(What to do) When you transcribe the data below, reproduce every line exactly and leave each picture out.

Information supplied Start Marker

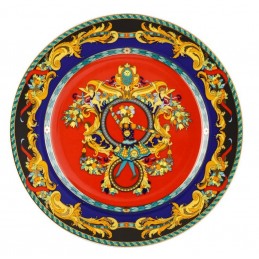 Versace Piatto 22 cm Le Roi Soleil - 25 Anni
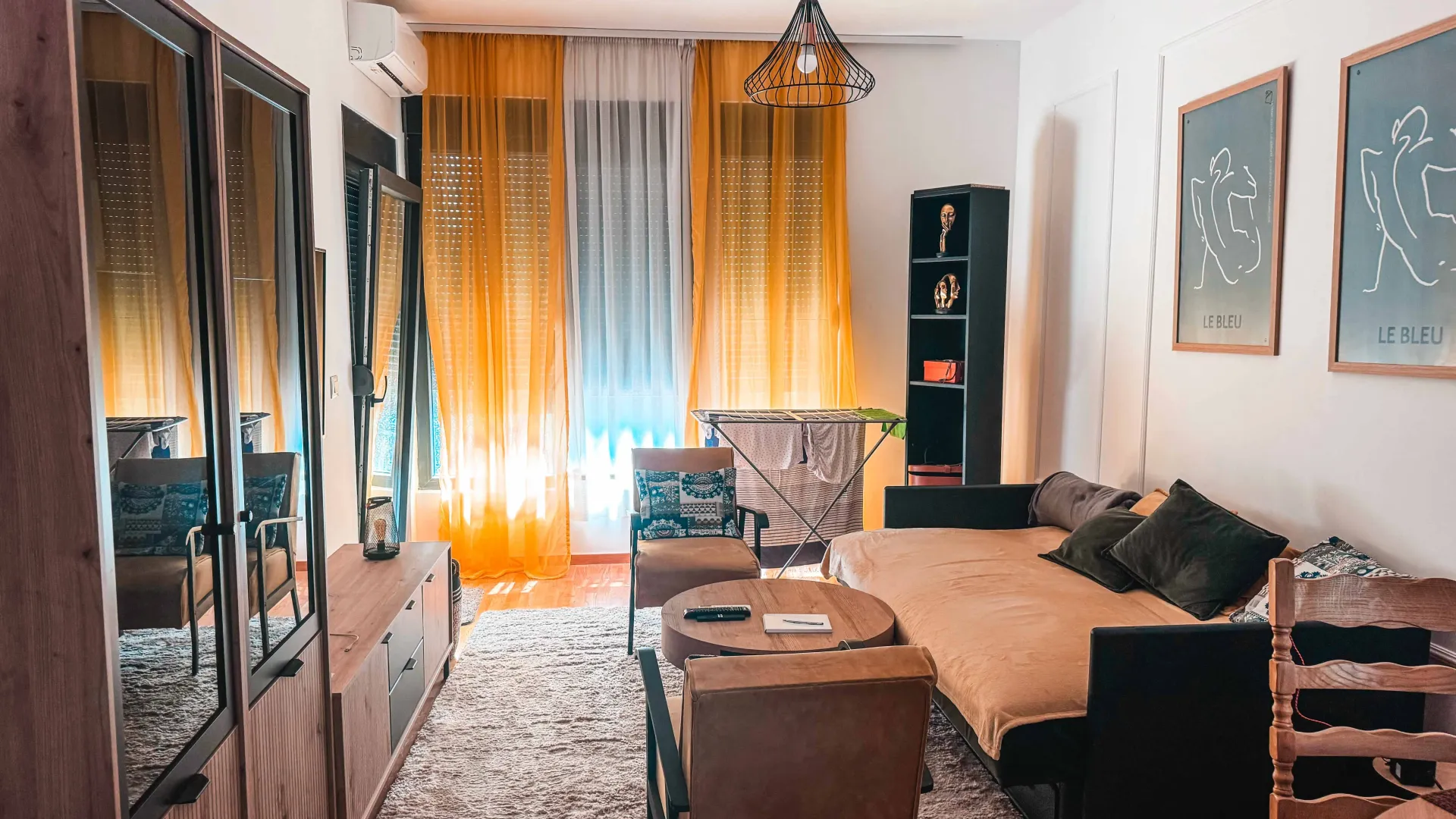 Izdavanje, jednosoban stan, 49m², Donja Gorica, Podgorica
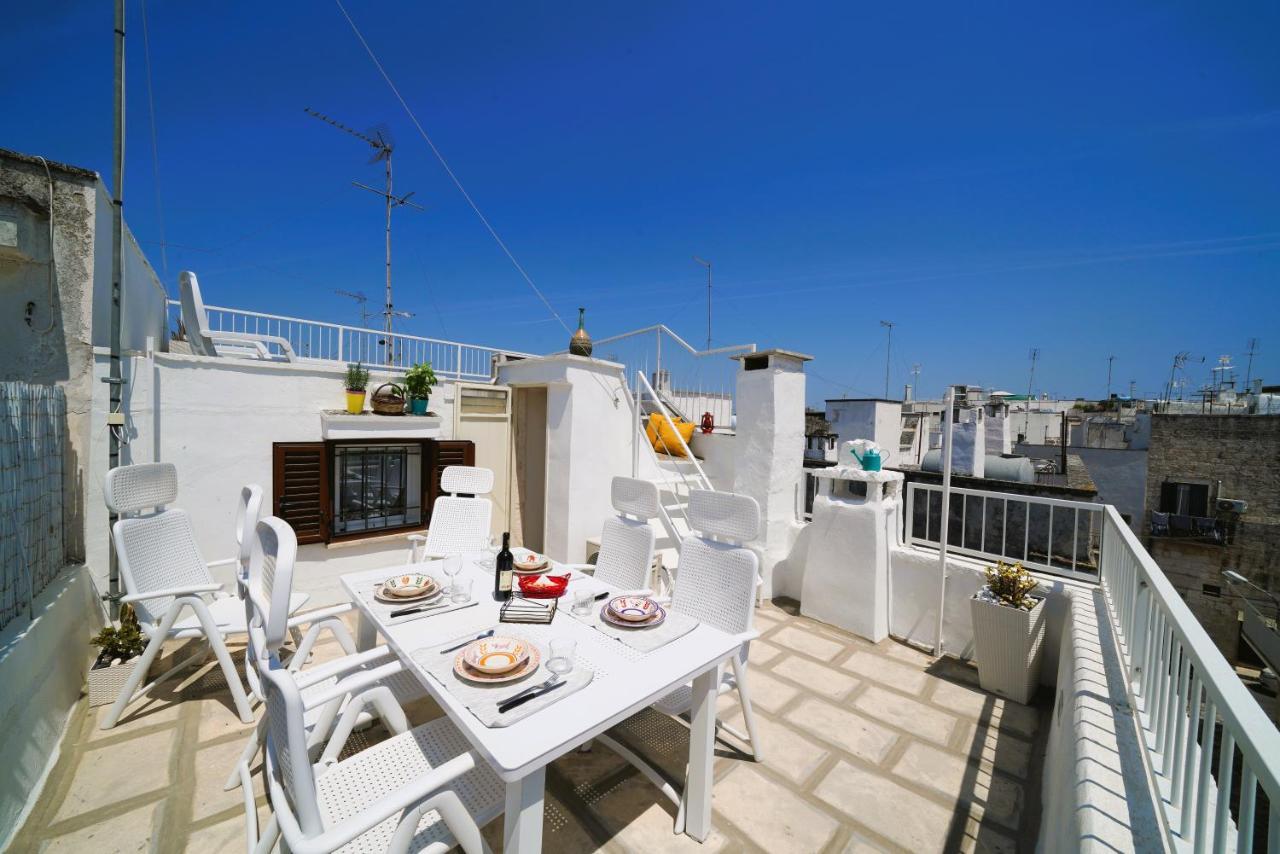 Domus Lapis - Con Terrazza Panoramica Villa Ostuni Eksteriør bilde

Information supplied End Marker

(Response to the exercise)
 Versace Piatto 22 cm Le Roi Soleil - 25 Anni
 Izdavanje, jednosoban stan, 49m², Donja Gorica, Podgorica
 Domus Lapis - Con Terrazza Panoramica Villa Ostuni Eksteriør bilde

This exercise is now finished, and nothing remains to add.